All of those properties near proposed Olympic venues aren't owned by speculators and developer pals of the mayor. Not yet.
But City Hall will still have a lot of say over what happens in those blocks around Washington Park and Douglas Park, where major Olympic activities would be held.
That's because City Hall owns a huge chunk of the land itself.
An analysis by the Chicago Reporter shows that the city owns more than 750 properties in the "immediate vicinity" of the parks.
The Reporter notes that in the last four years the city has transferred 16 of 24 properties within two blocks of Douglas Park to affordable housing developers. But the only chance for that pattern to continue may be for the Chicago to lose its Olympic bid.

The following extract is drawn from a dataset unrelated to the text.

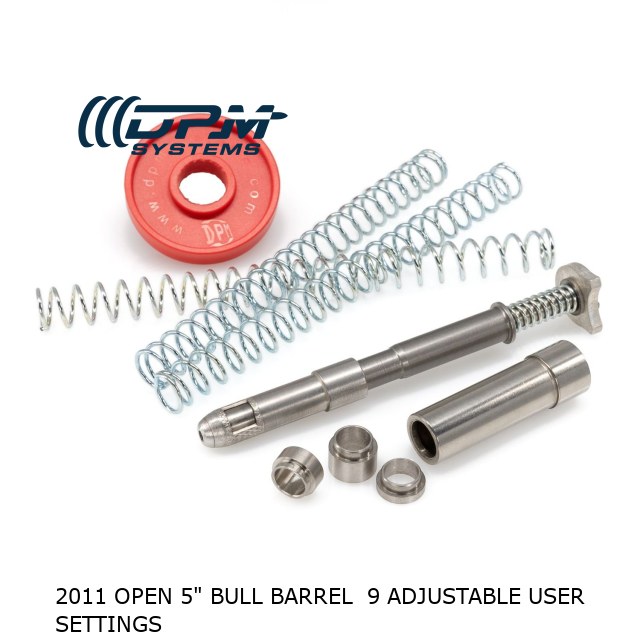 2011 Open 5" Bull Barrel  9 Adjustable User Settings 2011 Open 5" Bull Barrel  9 Adjustable User Settings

In previous Games, most notably Atlanta, host cities have made a habit of cleaning out the riff-raff near Olympic venues -- just as Chicago did around the United Center as it prepared to host the 1996 Democratic National Convention.
If Chicago wins the bid, would the city really transfer its property to developers intending to build affordable (low-income) housing? Is that what City Hall will want to showcase?
The value of that land will soar significantly the moment the IOC selects Chicago next week. Gentrification will begin immediately.
And if Chicago loses the bid?
Those neighborhoods will recede on the priority list of City Hall.
Neither outcome is optimal, but one may be worse than the other.